Au-delà de Thucydide – auquel elle consacrera quand même vingt années de travail ! – Jacqueline découvre toute une culture et la pérennité, à travers tant de siècles, des valeurs dont elle est porteuse.
Ces idéaux, mis en scène par la tragédie grecque et incarnés dans la démocratie athénienne, n’ont rien perdu de leur actualité, c’est-à-dire de leur universalité. Si ça se trouve, c’est nous qui avons perdu le sens commun, noyés que nous sommes dans un « discours » toujours plus abstrait et déraciné : abscons, en un mot.
Eschyle et Thucydide, comme avant eux mon cher ami Solon, nous parlent de l’essentiel : la vie, qui tient tout entière dans notre conscience que seule sa fragilité peut expliquer sa beauté. Pour Mme de Romilly, il n’y a donc qu’un combat décisif : défendre, comme elle dit avec émotion , « mon grec que tout le monde abandonne ! » : une langue qu’on dit morte, et sans laquelle nous ne comprenons même plus notre propre vie.
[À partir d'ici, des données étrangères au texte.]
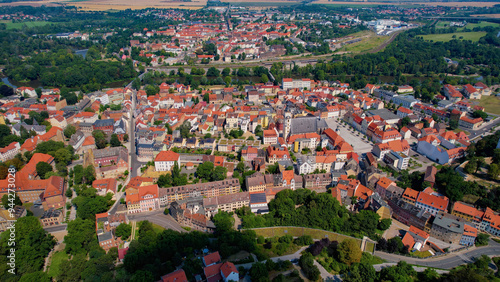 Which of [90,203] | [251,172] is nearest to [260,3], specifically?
[251,172]

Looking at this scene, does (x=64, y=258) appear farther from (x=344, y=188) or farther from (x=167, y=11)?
(x=167, y=11)

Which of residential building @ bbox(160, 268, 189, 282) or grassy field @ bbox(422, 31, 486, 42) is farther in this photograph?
grassy field @ bbox(422, 31, 486, 42)

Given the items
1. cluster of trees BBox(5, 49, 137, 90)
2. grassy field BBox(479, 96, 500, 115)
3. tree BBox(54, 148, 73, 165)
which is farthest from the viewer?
cluster of trees BBox(5, 49, 137, 90)

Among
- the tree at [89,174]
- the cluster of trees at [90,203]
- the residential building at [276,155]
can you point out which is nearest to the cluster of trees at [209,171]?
the residential building at [276,155]

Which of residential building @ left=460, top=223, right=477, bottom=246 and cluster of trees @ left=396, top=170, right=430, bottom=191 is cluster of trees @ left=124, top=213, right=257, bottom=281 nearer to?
cluster of trees @ left=396, top=170, right=430, bottom=191

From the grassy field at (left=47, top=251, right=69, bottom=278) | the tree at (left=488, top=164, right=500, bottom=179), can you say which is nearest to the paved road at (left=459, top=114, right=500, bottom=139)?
the tree at (left=488, top=164, right=500, bottom=179)

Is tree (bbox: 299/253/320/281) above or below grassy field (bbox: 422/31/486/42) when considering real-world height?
below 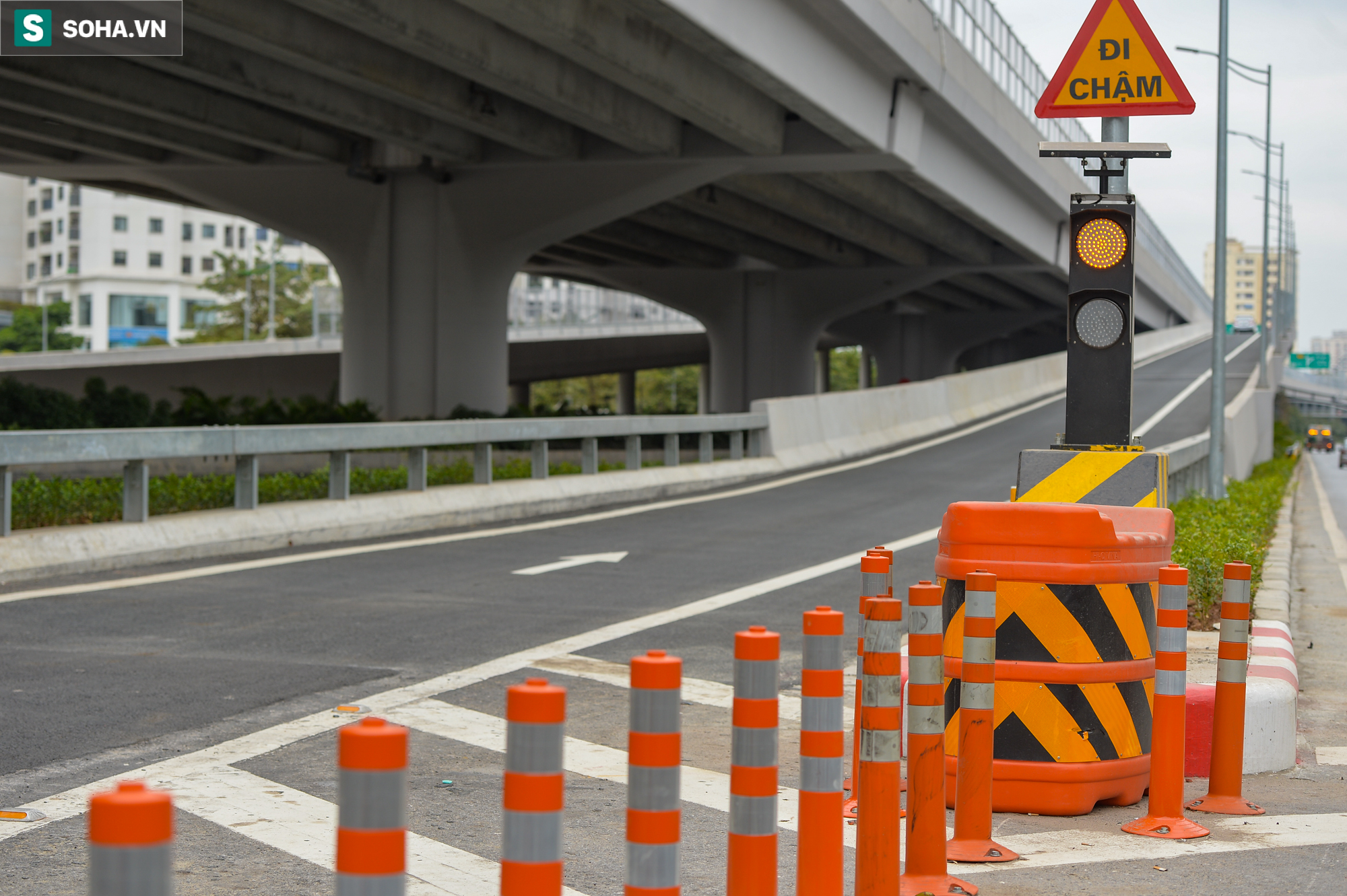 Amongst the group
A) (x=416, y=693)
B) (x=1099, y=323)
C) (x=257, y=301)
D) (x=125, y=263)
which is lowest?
(x=416, y=693)

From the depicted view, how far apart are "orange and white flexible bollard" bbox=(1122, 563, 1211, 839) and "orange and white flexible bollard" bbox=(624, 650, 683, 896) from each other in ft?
9.03

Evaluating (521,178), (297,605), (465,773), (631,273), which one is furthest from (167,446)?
(631,273)

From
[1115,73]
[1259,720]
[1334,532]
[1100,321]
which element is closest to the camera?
[1259,720]

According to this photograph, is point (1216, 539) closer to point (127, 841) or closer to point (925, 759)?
point (925, 759)

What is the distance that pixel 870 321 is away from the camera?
8362 centimetres

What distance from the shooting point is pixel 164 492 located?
13664 mm

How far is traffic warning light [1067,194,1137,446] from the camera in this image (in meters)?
7.89

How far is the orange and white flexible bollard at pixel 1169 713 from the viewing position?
5648 millimetres

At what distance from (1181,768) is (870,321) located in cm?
7891

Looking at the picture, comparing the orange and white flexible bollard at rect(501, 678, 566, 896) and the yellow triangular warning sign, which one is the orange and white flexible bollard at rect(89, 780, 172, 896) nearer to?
the orange and white flexible bollard at rect(501, 678, 566, 896)

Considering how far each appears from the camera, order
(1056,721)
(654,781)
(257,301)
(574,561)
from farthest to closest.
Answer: (257,301) → (574,561) → (1056,721) → (654,781)

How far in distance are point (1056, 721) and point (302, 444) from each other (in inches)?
390

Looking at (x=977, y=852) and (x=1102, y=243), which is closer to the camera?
(x=977, y=852)

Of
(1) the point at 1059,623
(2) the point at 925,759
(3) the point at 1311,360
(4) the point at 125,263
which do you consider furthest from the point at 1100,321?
(3) the point at 1311,360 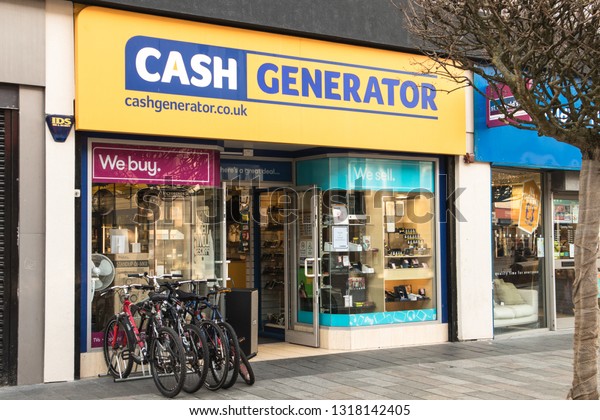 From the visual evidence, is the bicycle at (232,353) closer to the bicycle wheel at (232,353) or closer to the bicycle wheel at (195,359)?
the bicycle wheel at (232,353)

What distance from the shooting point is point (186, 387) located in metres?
7.54

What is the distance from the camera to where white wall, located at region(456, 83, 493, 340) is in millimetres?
11164

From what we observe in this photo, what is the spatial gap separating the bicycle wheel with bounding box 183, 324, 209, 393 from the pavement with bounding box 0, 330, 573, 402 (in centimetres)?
12

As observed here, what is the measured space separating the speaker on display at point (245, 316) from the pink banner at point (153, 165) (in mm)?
1481

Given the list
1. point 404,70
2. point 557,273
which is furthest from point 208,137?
point 557,273

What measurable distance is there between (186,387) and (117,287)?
60.1 inches

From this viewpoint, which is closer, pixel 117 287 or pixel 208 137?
pixel 117 287

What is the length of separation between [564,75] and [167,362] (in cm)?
487

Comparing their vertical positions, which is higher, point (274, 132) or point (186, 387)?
point (274, 132)

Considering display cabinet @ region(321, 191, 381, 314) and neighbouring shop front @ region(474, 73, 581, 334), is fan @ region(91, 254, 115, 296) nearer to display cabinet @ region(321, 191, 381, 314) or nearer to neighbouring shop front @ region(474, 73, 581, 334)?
display cabinet @ region(321, 191, 381, 314)

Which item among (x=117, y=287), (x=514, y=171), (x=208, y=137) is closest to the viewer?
(x=117, y=287)

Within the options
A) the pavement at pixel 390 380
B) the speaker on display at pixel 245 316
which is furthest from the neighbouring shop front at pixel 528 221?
the speaker on display at pixel 245 316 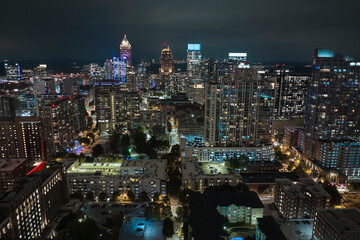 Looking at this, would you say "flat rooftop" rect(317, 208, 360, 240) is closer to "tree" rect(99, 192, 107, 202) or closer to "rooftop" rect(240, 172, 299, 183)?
"rooftop" rect(240, 172, 299, 183)

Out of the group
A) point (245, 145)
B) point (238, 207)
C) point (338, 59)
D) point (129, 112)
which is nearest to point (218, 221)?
point (238, 207)

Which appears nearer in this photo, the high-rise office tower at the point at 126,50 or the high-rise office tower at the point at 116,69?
the high-rise office tower at the point at 116,69

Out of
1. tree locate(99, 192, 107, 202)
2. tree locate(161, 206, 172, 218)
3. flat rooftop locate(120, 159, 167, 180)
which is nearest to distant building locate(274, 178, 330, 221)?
tree locate(161, 206, 172, 218)

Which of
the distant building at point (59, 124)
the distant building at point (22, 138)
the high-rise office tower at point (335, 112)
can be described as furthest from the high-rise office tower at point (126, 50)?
the high-rise office tower at point (335, 112)

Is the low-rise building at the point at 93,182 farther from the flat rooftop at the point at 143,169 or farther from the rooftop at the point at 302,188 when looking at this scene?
the rooftop at the point at 302,188

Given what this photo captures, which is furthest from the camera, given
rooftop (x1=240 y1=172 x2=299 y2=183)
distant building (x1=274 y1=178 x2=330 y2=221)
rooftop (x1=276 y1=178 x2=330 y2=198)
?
rooftop (x1=240 y1=172 x2=299 y2=183) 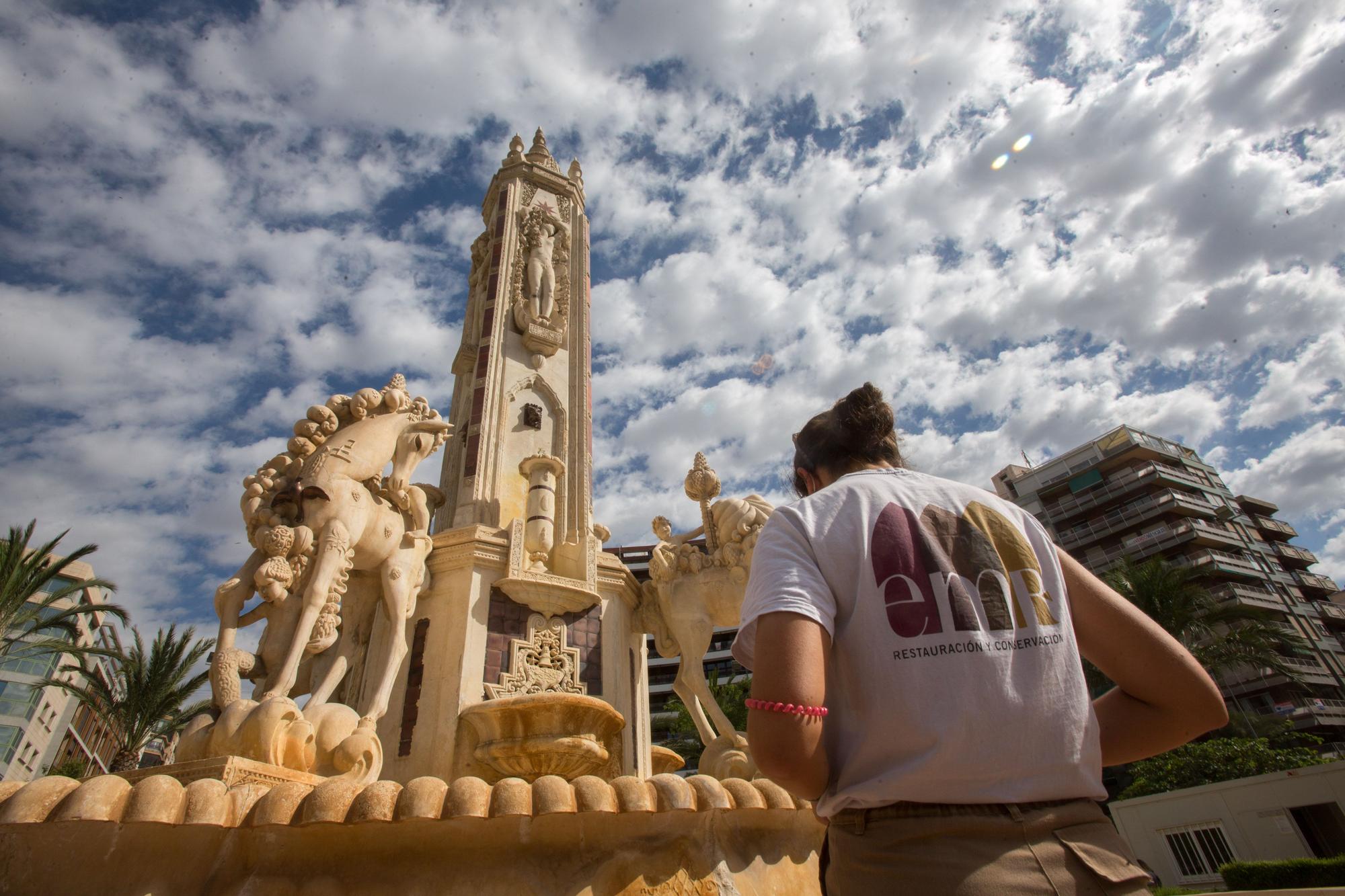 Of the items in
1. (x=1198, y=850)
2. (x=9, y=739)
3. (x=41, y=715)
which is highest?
(x=41, y=715)

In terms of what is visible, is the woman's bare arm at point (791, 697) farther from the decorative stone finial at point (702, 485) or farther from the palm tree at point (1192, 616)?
the palm tree at point (1192, 616)

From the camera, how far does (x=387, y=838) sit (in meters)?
2.98

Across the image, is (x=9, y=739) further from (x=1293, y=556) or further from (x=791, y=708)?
(x=1293, y=556)

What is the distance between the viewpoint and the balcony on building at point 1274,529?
43.5 m

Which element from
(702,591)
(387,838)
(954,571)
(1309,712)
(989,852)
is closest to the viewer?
(989,852)

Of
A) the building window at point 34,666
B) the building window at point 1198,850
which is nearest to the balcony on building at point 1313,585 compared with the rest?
the building window at point 1198,850

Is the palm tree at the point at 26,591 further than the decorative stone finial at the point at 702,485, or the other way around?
the palm tree at the point at 26,591

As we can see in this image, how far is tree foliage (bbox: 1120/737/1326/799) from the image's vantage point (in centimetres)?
1786

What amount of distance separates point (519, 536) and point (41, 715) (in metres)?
40.4

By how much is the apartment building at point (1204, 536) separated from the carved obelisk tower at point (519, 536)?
109ft

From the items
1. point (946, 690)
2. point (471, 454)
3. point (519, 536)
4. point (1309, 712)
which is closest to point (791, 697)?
point (946, 690)

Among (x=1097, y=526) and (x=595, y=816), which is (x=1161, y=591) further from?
(x=595, y=816)

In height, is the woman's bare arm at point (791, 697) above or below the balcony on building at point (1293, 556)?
below

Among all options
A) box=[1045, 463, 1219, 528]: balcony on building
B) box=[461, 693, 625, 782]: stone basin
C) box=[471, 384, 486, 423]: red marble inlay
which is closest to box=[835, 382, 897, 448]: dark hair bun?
box=[461, 693, 625, 782]: stone basin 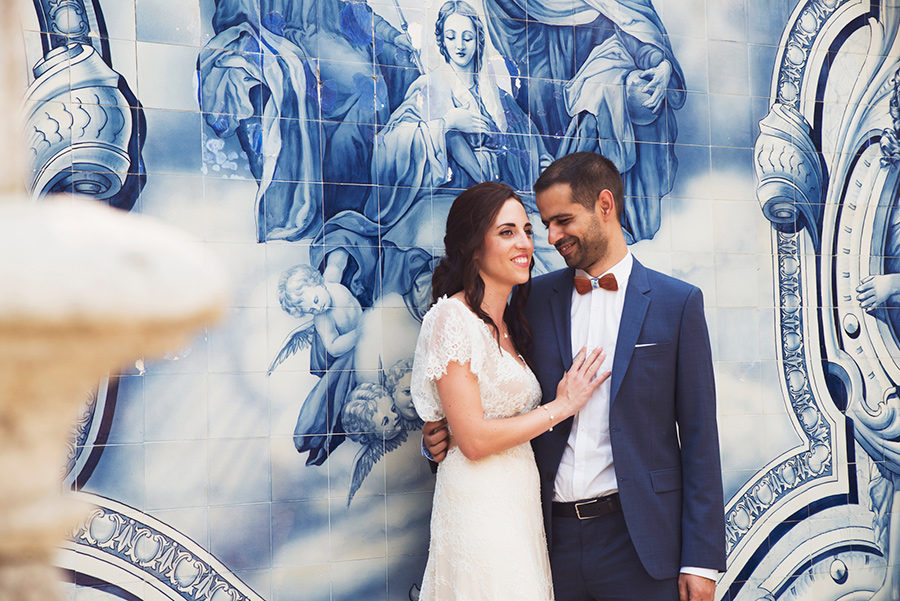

Parce que, quand on tire le fil, c’est tout le tricot qui vient ! Sans grec, pas de latin ; sans latin, pas de français ; et sans une langue pour la formuler, plus de littérature ni de pensée – hormis peut-être la « déconstruction » derridéenne, qui ne fait que théoriser le vide…
Contre cette pulsion de mort qui ronge notre civilisation épuisée et amnésique, Jacqueline de Romilly se fait l’avocate de l’enseignement, le vrai : pas seulement l’acquisition de savoirs immédiatement utiles, mais la formation de l’esprit. Impossible d’apprendre à comprendre sans renouer le contact avec ceux qui l’ont fait avant nous. Comme dit ma copine Jacqueline, « on ne pense jamais tout seul ».